In October 2014, CO reported that Fairway was looking to bail on a lease it had signed for a 52,242-square-foot, two-story space at 255 Greenwich Street in the Financial District, adjacent to the 9/11 Memorial, because “they don’t have the money to build,” according to a source. It would have been the chain’s first store in Lower Manhattan. The following spring marked the end of its Hudson Yards hopes as well, as Fairway paid $3.5 million to terminate the lease.
That same month, Bloomberg ran a piece noting that, while the company’s value had “plunged 77 percent” since the IPO, its directors took home $12.1 million, an amount equaling “the combined boards of Apple Inc., Google Inc. and AT&T Inc., which have an aggregate market capitalization of $1.2 trillion.” Fairway’s, by comparison, was then $132 million. One analyst noted in the story that “it’s certainly a lot of money for directors that have not really directed any value creation.”

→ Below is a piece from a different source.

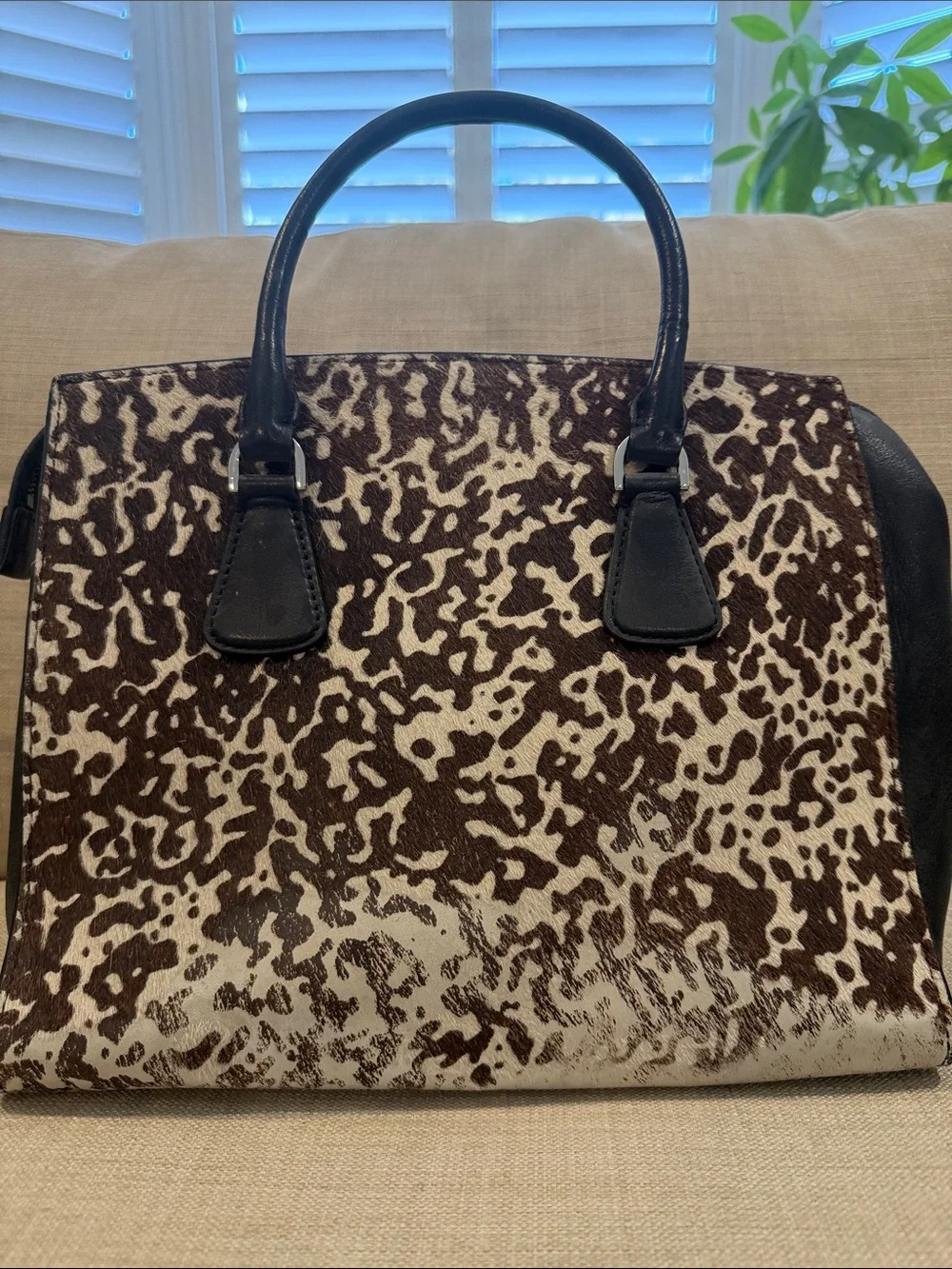 Michael Kors Black and White Animal-Print Satchel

By October 2015, the Times was reporting that Sterling’s acquisition “has contributed to a heavy debt load of $250 million,” and that Fairway had abandoned its comprehensive East Coast expansion strategy to instead “flood the boroughs” with stores. The company had not reported one profitable quarter since the IPO.

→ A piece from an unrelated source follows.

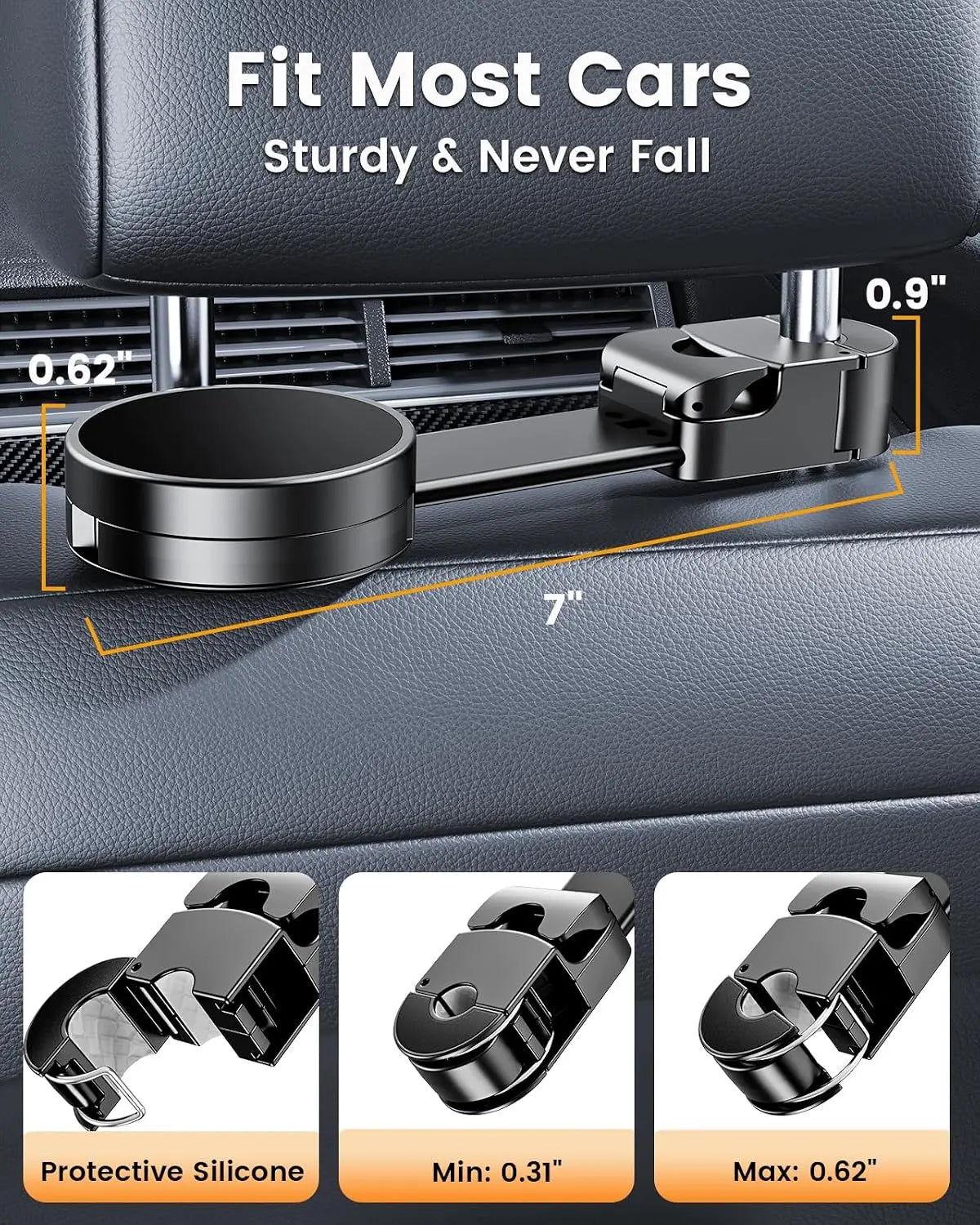 Magsafe Phone Holder for Backseat, Hideable Storage Key Bag & Bendable Strong Magnetic Seat Phone Holder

Last month, Bloomberg reported that Fairway “received two warnings about being delisted from the Nasdaq Stock Market for failing to maintain a minimum market capitalization of $15 million for three consecutive business days.” On April 15, its stock price was down to a mere 39 cents. Shortly before this, an unnamed buyer for the chain told Grub Street of the chain’s collapse, “Lives have been totally changed and ruined. What happened was an injustice.” (The writer of the article was a former Fairway employee who noted that during the expansion, “the place was kind of a mess,” and that at times, it took “months to get paid.”)
Finally, earlier this month, Fairway filed for Chapter 11 bankruptcy protection, seeing its stock drop to 7 cents per share on the news, its market value a paltry $11 million. It had lost more than $500 million in equity value since the IPO.
Fairway put a prepackaged financial restructuring in place that will see it cast off $140 million of senior secured debt and obtain $55 million in financing, with lenders exchanging a portion of their debt for common equity. The company said that no stores will close, and that there will be “no interruptions to customer service throughout the process.”
Mr. Catsimatidis believes that for Fairway to eventually be profitable again in New York, it will have to close some stores, and that if it pairs with outside buyers again, it has to be with a company with far greater knowledge of their industry.
“They have to trim down the operation—keep their profitable stores, get rid of the unprofitable stores,” he told CO.
“They have some good locations, but it can’t be a hedge fund that buys them. It can’t be a management firm. It has to be a supermarket operation that understands how to run supermarkets.”